───── SUPPLIED RECORDS
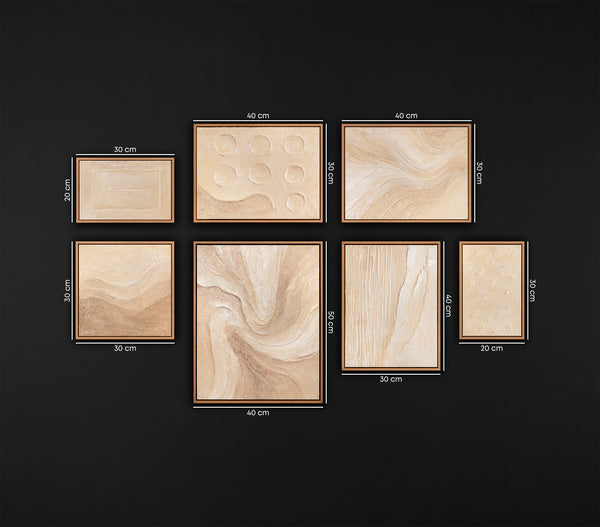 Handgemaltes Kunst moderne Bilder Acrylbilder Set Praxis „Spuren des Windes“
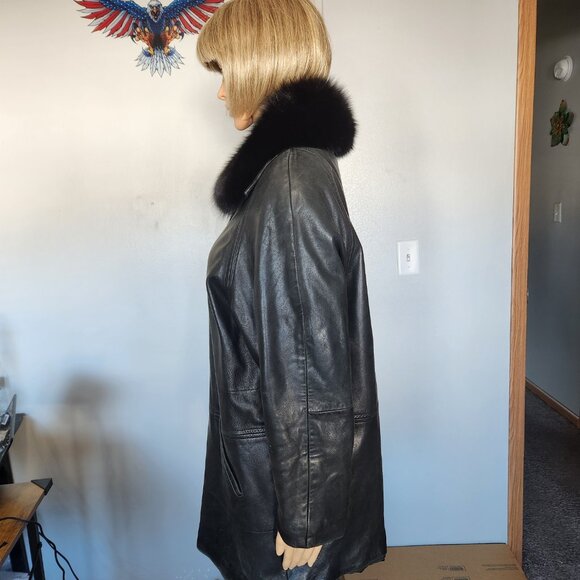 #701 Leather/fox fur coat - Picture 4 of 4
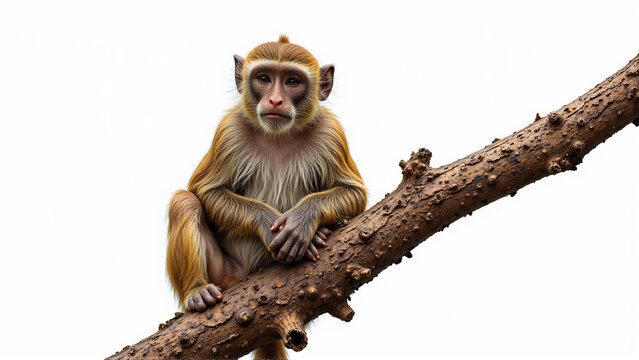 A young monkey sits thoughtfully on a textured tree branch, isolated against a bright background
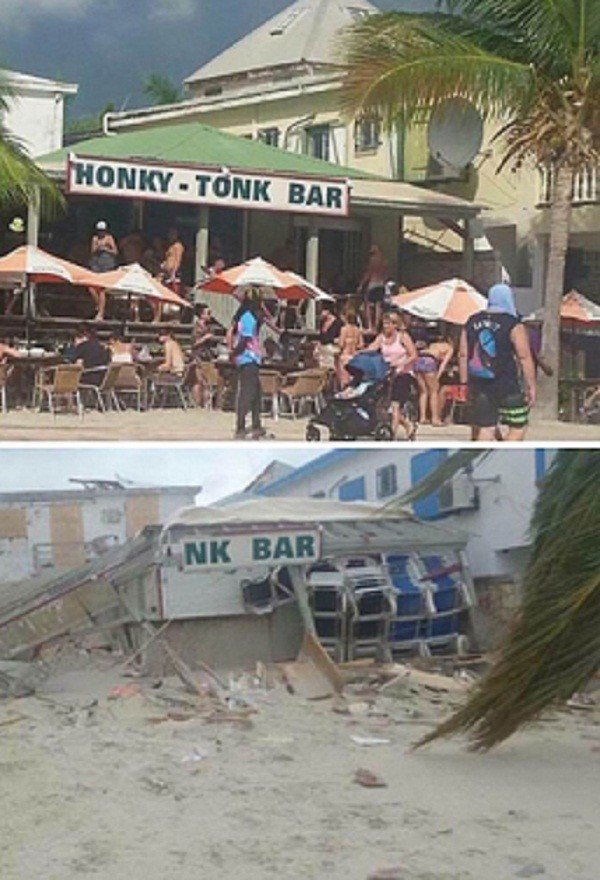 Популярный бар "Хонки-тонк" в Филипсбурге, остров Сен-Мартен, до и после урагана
──────────
───── SUPPLIED RECORDS
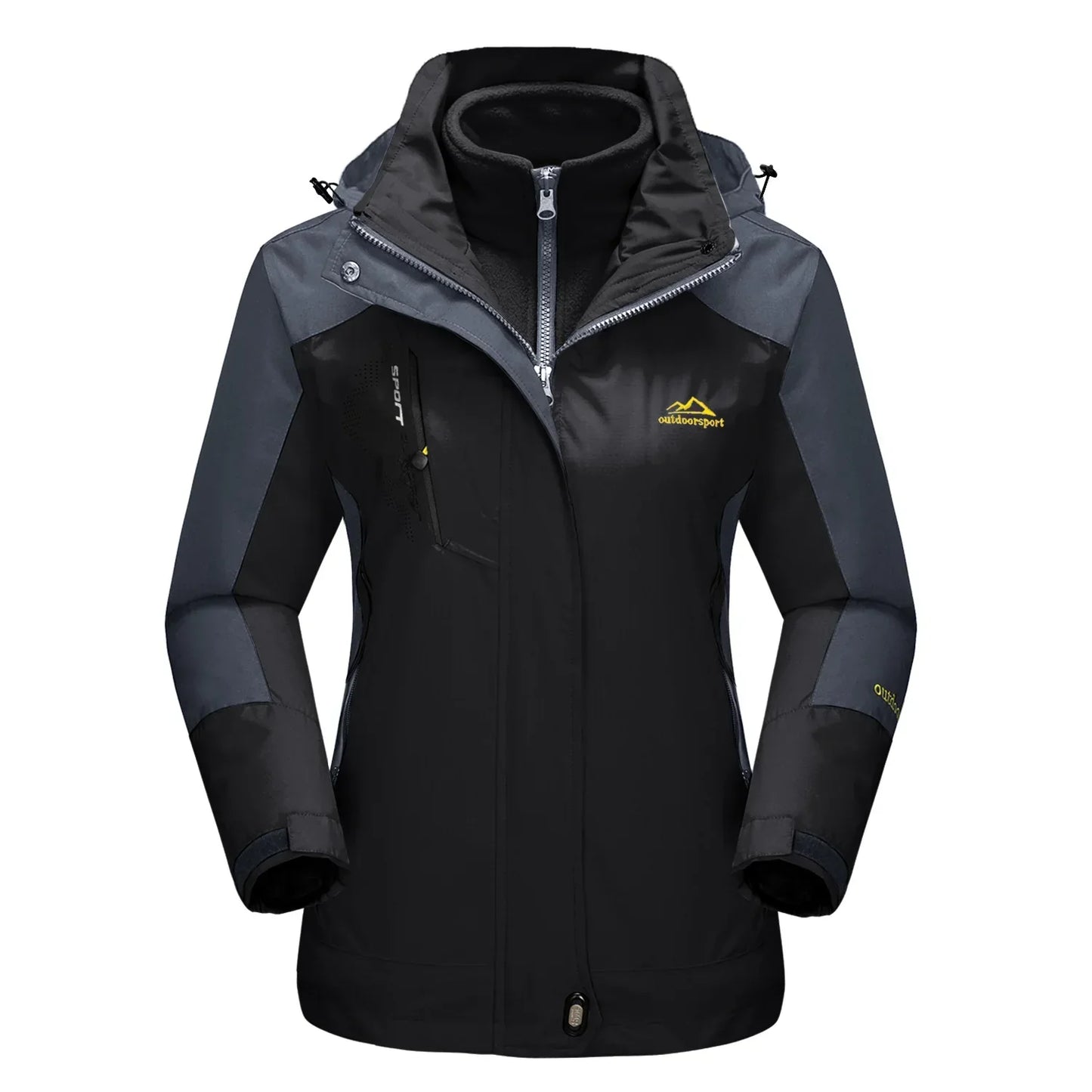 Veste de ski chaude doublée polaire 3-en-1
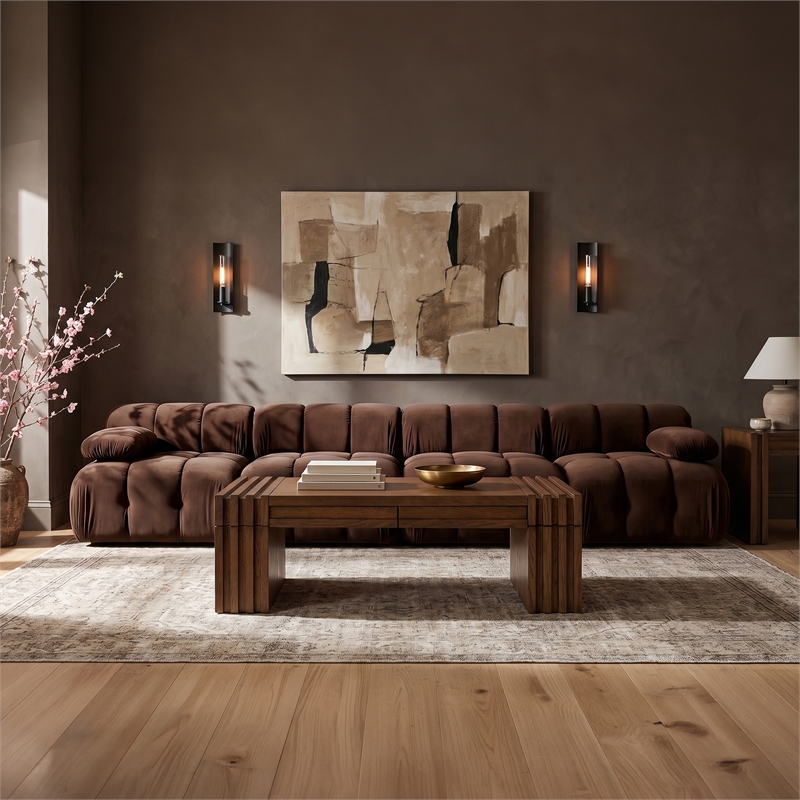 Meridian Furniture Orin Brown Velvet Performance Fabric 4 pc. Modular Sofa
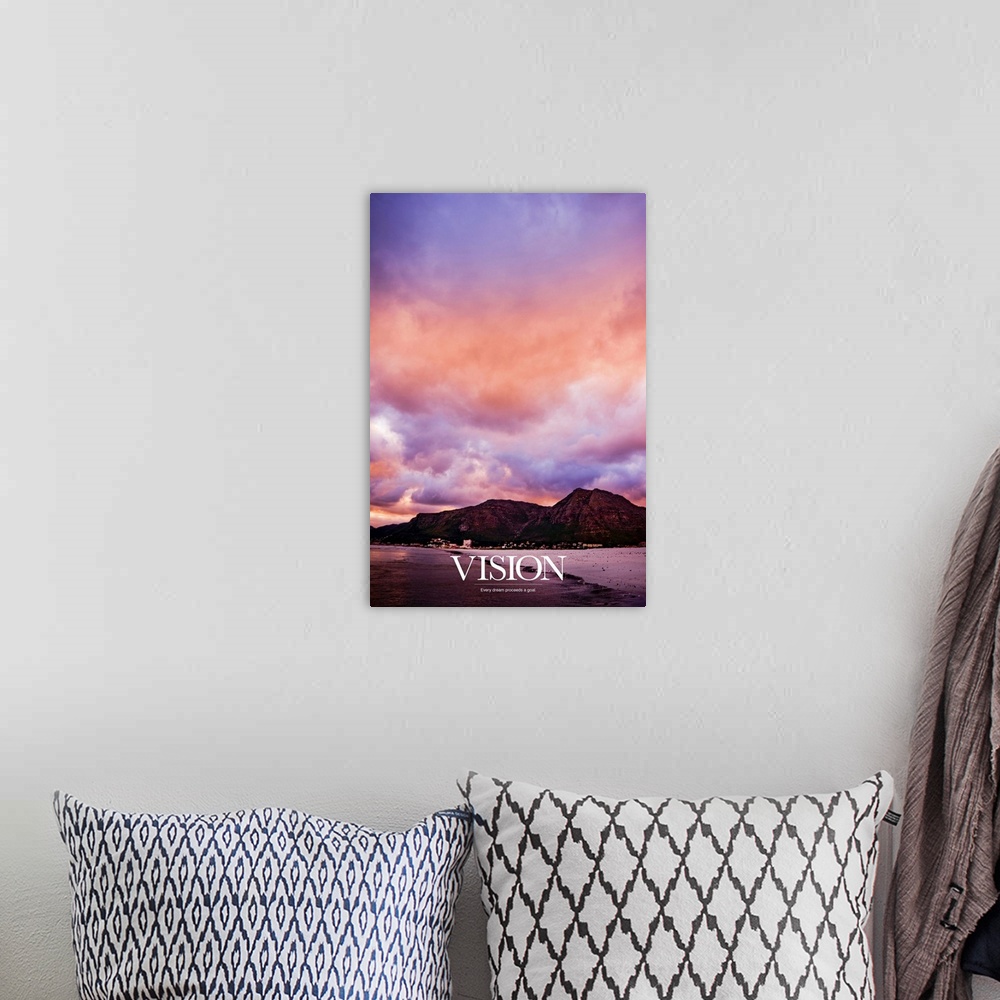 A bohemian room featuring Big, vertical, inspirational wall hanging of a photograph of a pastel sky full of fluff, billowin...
──────────
**GOAL OF THE EXERCISE**
In the data above, retype only the stretch from the line with "Veste de ski chaude doublée polaire 3-en-1" through the line with "A bohemian room", word for word, and skip any pictures.

**TASK RESULT**
 Veste de ski chaude doublée polaire 3-en-1
 Meridian Furniture Orin Brown Velvet Performance Fabric 4 pc. Modular Sofa
 A bohemian room featuring Big, vertical, inspirational wall hanging of a photograph of a pastel sky full of fluff, billowin...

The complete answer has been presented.